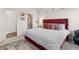 Cozy main bedroom with an adjoining bathroom, soft carpet, and a plush red bed at 10 Nesbit Reserve Ct, Atlanta, GA 30350
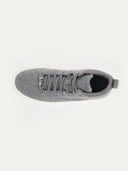 A top-down view of a gray sneaker with a textured knit upper and matching black laces. all set against a white background. #color_stone-gray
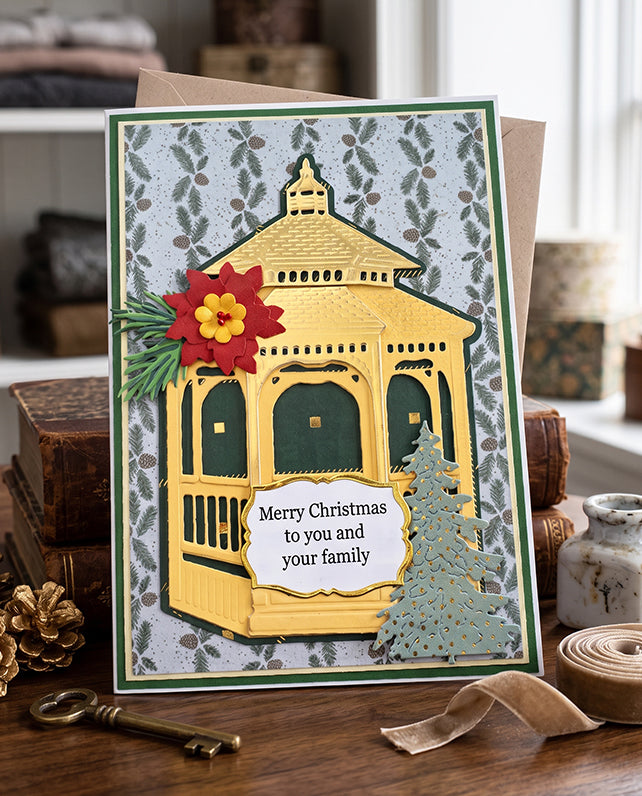 A handmade Christmas greeting card featuring a yellow gazebo with green trim, a red and yellow flower, and a small green tree, with the text 'Merry Christmas to you and your family.' The card is displayed on a wooden surface with vintage props like a key, ribbon, and books.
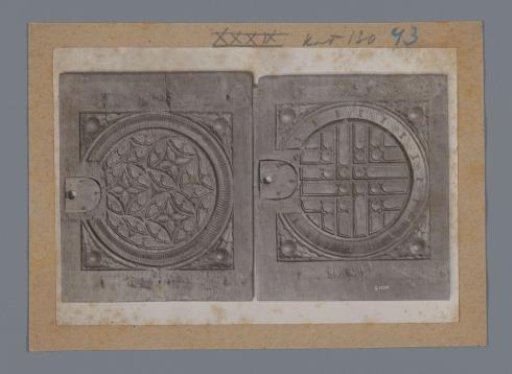 Two decorated wooden panels, possibly cabinet doors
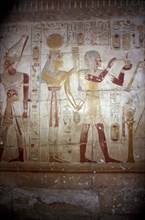 Painted relief of Sethos and Isis-Hathor, Temple of Sethos I, Abydos, Egypt, 19th Dynasty, c1280 BC. Artist: Unknown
○ ○ ○
What you need to do:
Give back all the material exactly, with no pictures.

Result of this exercise:
 Cozy main bedroom with an adjoining bathroom, soft carpet, and a plush red bed at 10 Nesbit Reserve Ct, Atlanta, GA 30350
 A top-down view of a gray sneaker with a textured knit upper and matching black laces. all set against a white background. #color_stone-gray
 A handmade Christmas greeting card featuring a yellow gazebo with green trim, a red and yellow flower, and a small green tree, with the text 'Merry Christmas to you and your family.' The card is displayed on a wooden surface with vintage props like a key, ribbon, and books.
 Two decorated wooden panels, possibly cabinet doors
 Painted relief of Sethos and Isis-Hathor, Temple of Sethos I, Abydos, Egypt, 19th Dynasty, c1280 BC. Artist: Unknown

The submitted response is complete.